Various - Pierre Henry: La Dixième Symphonie, Hommage à Beethoven - ResMusica
Cet hommage à Beethoven haut en couleur et virtuose, directement issu de la transcription d’une œuvre électroacoustique de Pierre Henry, repose sur une interprétation purement orchestrale inédite.
Ce disque présente la dernière version créée et enregistrée à titre posthume d’une Dixième symphonie qui a hanté le compositeur, disparu en 2017, pendant près de quarante ans : un travail « essentiellement combinatoire » réalisé à partir d’emprunts aux neuf symphonies historiques du maître viennois. En cette année de 250e anniversaire de Beethoven, il résonne donc comme une double célébration.

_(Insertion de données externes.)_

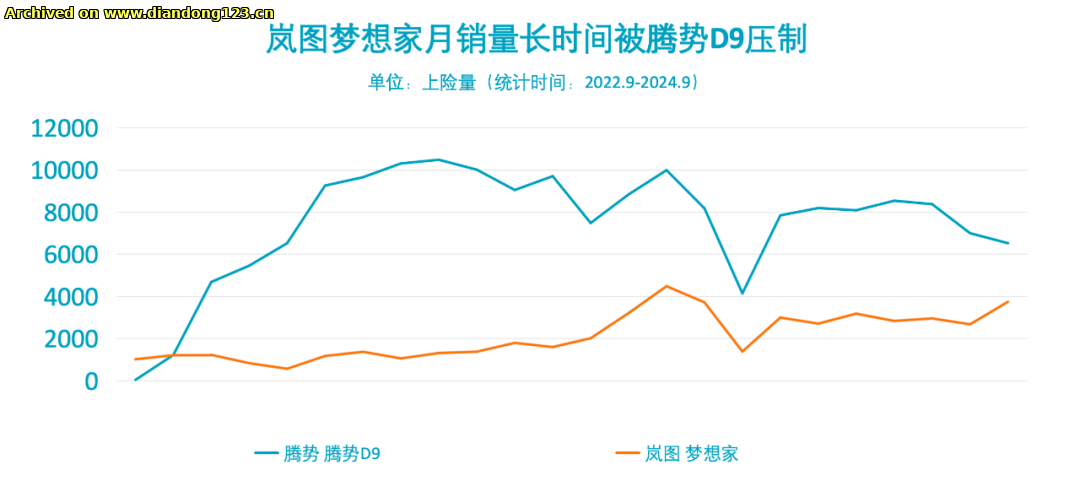 网友分享在 www.diandong123.cn 的图片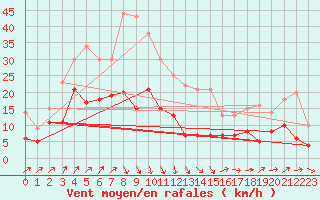 Courbe de la force du vent pour Waibstadt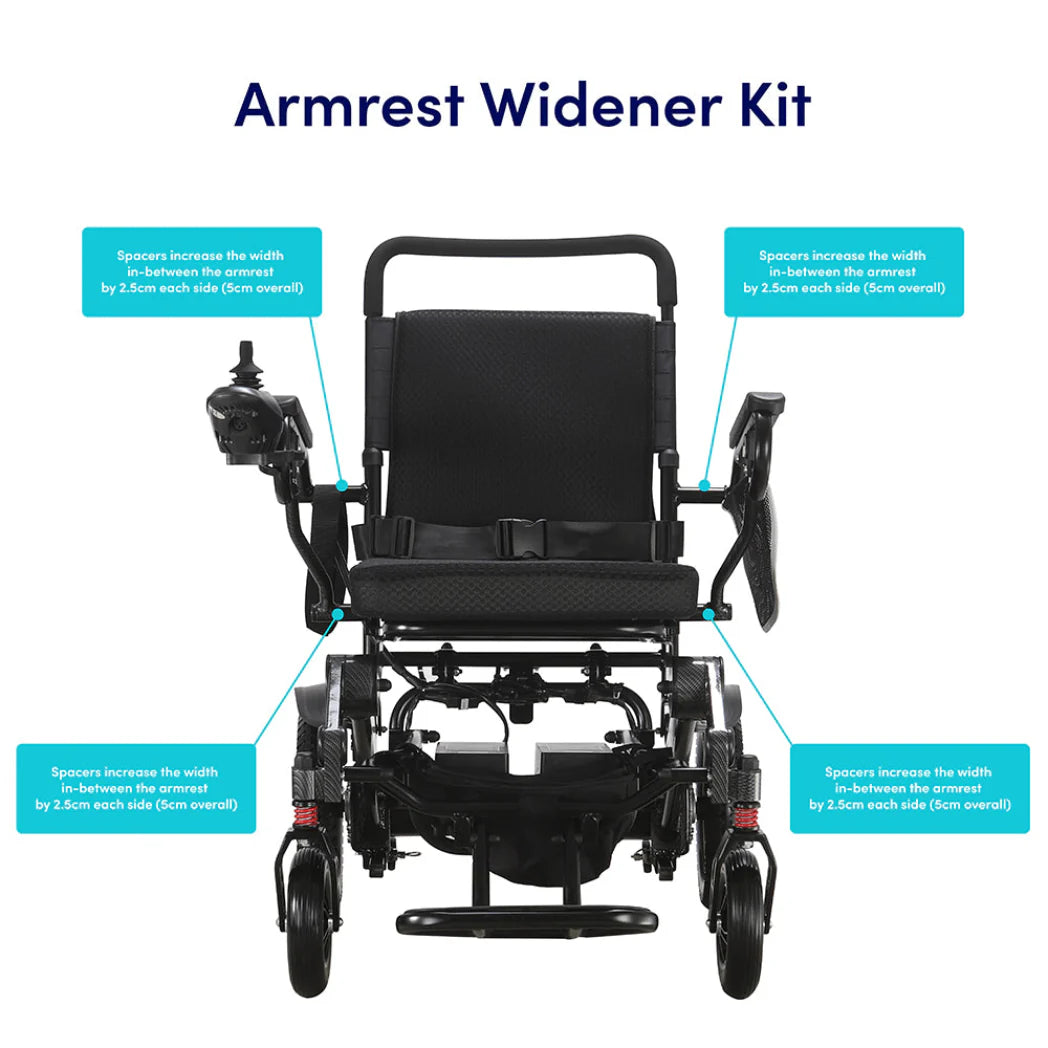 Welzo Horizon+ Electric Wheelchair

Pierre Henry avait déjà créé trois versions de sa Dixième Symphonie (1979, 1988 et 1998), dont les deux dernières furent portées au disque. Chacune d’entre elles, structurée différemment, apportait son lot de surprises et de nouveautés. La dernière, mémorable, dans une couleur Remix qui donnait la part belle à des rythmiques franchement techno, célébrait la fin de la décennie 90 avec un compositeur alors admiré par les jeunes générations de ravers, revenu en grâce et se présentant en grand-père des musiques électroniques. Sa forte personnalité artistique l’a toujours rendu immédiatement reconnaissable dans chacun de ses projets. C’est encore le cas dans ce disque, pourtant purement orchestral et uniquement fondé sur des extraits de symphonies de Beethoven recombinés, dont certains célébrissimes. Tout est réalisé ici à partir de partitions écrites et non de bandes magnétiques, et pourtant tout est là. On pourrait qualifier cette expérience de « sampling orchestral », qui transporte au jeu instrumental, sans aucun traitement électroacoustique, les mixes, les collages et les cuts caractéristiques qui fondèrent l’essence du travail de Pierre Henry depuis les prémisses de la musique concrète, qu’il a contribué à faire naître au côté de Pierre Schaeffer.
Les huit mouvements sont tirés des douze qui constituent la version originelle de 1979, patiemment retranscrits sur partition et répartis entre l’Orchestre philharmonique de Radio France et l’Orchestre du Conservatoire divisés en trois groupes, qui reproduisent les décalages, les multiplications, les surimpressions et les coupes abruptes que Pierre Henry avait réalisés sur bandes. La virtuosité des orchestres et des chefs, Marzena Diakun, Bruno Mantovani et Pascal Rophé, survolant ces fusions et confrontations extrêmes avec dextérité, amène un souffle et une dynamique remarquables à l’œuvre. L’auditeur expérimente d’un bout à l’autre tout le paradoxe du sample, entre un sentiment franc de déjà entendu et la découverte de structures et de sensations nouvelles et originales, qui font réentendre sous un jour nouveau les phrases beethovéniennes, que ce soit dans l’élégance lyrique du « Scherzo » (2) ; dans l’« Andante » (4) et son amplification et étirement gigantesques du suspense qui ouvre la Symphonie n° 9 ; dans la série de thèmes devenus aujourd’hui des lieux communs (Ode à la joie, motif de la Symphonie n° 5), complètement réagencés et sublimés tout au long de « Comme une fantaisie » (7) ; jusqu’à l’extrait du texte de Schiller chanté par le ténor Benoît Rameau auquel répondent le Chœur de Radio France et le Jeune Chœur de Paris dans un « Finale » jouissif (8), qui achève le cycle sur une longue citation du mouvement lent de la Symphonie n° 7.
Henry n’hésitait pas à comparer son art, sa personnalité et ses inspirations à celles de Beethoven. Il donne en tout cas ici une belle lecture personnelle et originale d’œuvres qui ont profondément marqué l’histoire.